1. What is Amorphic Data ETL?
It’s an extract, transform, and load (ETL) service that automates the time-consuming steps of data preparation for analytics.
2. What can I do with Amorphic Data ETL service?
You can generate ETL code to transform your source data into target schemas, and run the ETL jobs on a fully managed, Apache Spark environment to load your data into its destination. It uses AWS Glue on the backend and thus it automates the setting up and management of the clusters for an Apache Spark environment.
3. How do I get started with Amorphic Data ETL capabilities?
To get started with CDAP ETL, login to Amorphic Data and you can create a new job by providing some AWS Glue related infrastructure information. The job will let you edit your ETL script on the Amorphic Data.
4. What if I have my own ETL script?
Upon creation of a job, you can bring your own AWS Glue ETL script in the platform using the Upload script functionality. Keep in mind that AWS Glue supports python and spark environment.

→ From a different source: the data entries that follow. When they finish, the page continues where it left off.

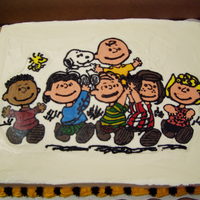 Charlie Brown This cake was made for an youth acting group's strike celebration for the play "You're A Good Man Charlie Brown". This...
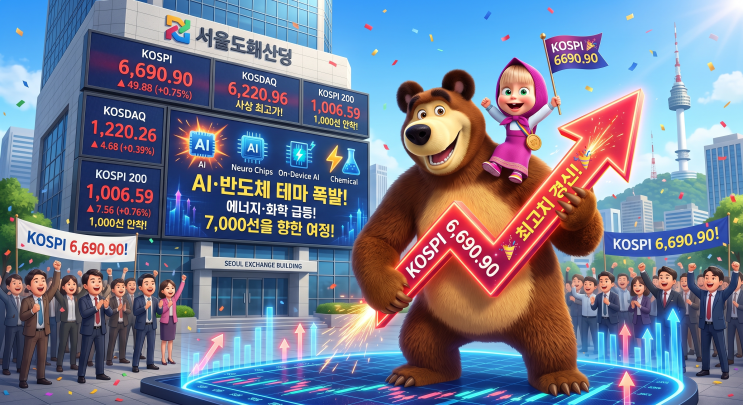   [2026년 4월 29일] 국내 증시 마감 브리핑 — 코스피 6,690 사상 최고치 경신! 뉴로모픽·온디바이스 AI 폭발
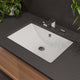 ALFI brand White 24" Rectangular Undermount Ceramic Sink ABC603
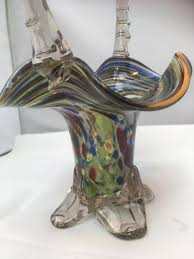 Only 1 available and it's in 2 people's carts. Vintage Murano Glass Flower Basket Fab For Sale In Wolverhampton West Midlands Preloved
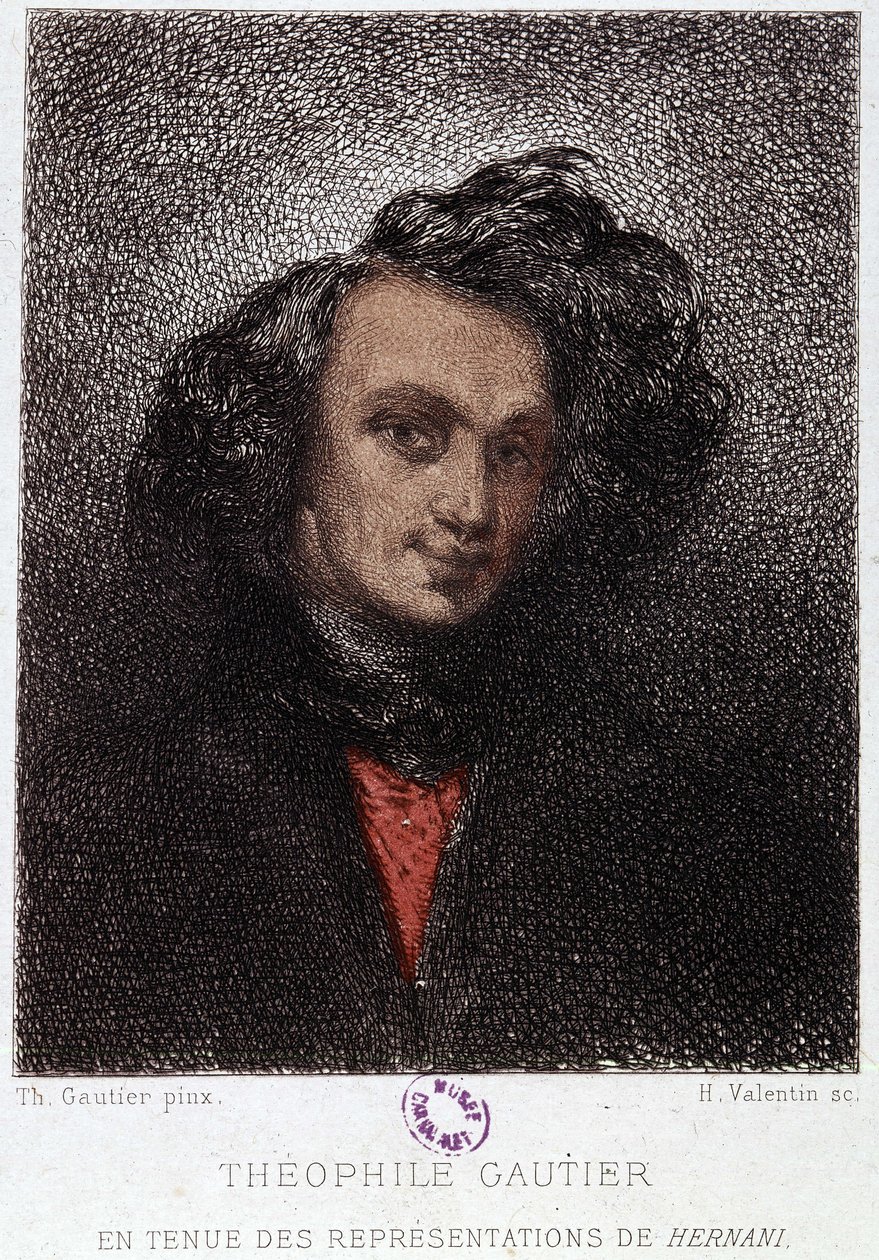 Porträt von Théophile Gautier in Hernani von Victor Hugo. 19. Jahrhundert. von Unknown artist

5. How is the ETL component integrated with the rest of Amorphic Data services?
The ETL jobs created in the Amorphic Data can allow you to perform ETL on a dataset created in the CDAP Dataset platform on a standalone basis or can help you create preprocessing and post-processing ETL jobs for purpose of running a ML model.
6. How can you run ETL job in a Dataset in Amorphic Data?
Every Dataset in Amorphic Data provides you the connection information (ie. s3 location) which you can use inside the ETL script to run ETL job in standalone Datasets.
7. How can you use ETL jobs when running ML model in Amorphic Data?
In model creation process, you specify the preprocessing and post-processing ETL jobs in Amorphic Data. The preprocessing and post-processing ETL jobs will run on the respective Dataset matching the input and output schema as specified during the model creation process.
8. How do I get started with creating ETL scripts in Amorphic Data?
Any ETL job by default comes loaded with a set of libraries and spark context that you can use to develop your ETL script. You can add on more code in the script as per your ETL job requirement.
9. How do I access input dataset and save in output dataset in Amorphic Data ETL service?
By default, every script accepts three arguments:
- originalFileObjectKey: This is useful when running post processing job with an ML model and you would like to access the name of original file on which the model was run.
- inputLocation: This is useful when you would like to access or set the input location of the dataset on which the ETL job is run.
- outputLocation: This is useful when you would like to access or set the output dataset location in which the ETL jobs will save the results.
For the purpose of ML model, the above parameters can be useful in identifying or setting the input and output location of data in preprocess and post process state respectively.
10. Can I call the input datasets from AWS Glue Catalog?
Since the Datasets are also registered as AWS Glue Catalog, you can create Spark Dataframes from the AWS Glue Catalogs inside the ETL scripts.
11. What are additional functionalities provided by the Amorphic Data ETL service?
Apart from a sample code, the ETL service also provides a sample code generation feature which generates a code snippet corresponding to the transformation selected.
12. How do I provide ETL job run related information?
Upon clicking on the ETL job, you can click on Job Actions > Edit Job Detail to enter AWS Glue execution related information like Allocated Capacity etc. Since the service runs on AWS Glue, you can further look into AWS Glue documentation for information relating to job tuning.
13. How do I execute an ETL job?
In the ETL job page, there is an execution functionality (left to “Job Actions”). Upon clicking, you provide the job-related information and click submit. You will be redirected to the Execution page which will track the status of your ETL application.
14. Why is my Execution status for ETL job run not refreshing?
You can click refresh on individual job run to know the current status of your job run.
15. What happens after an ETL job is run successfully?
On successful ETL job run, the result data is ingested to the respective Dataset in the Amorphic Data Dataset corresponding to the script and the output location. The Dataset Redshift tables gets appended with new data in the backend.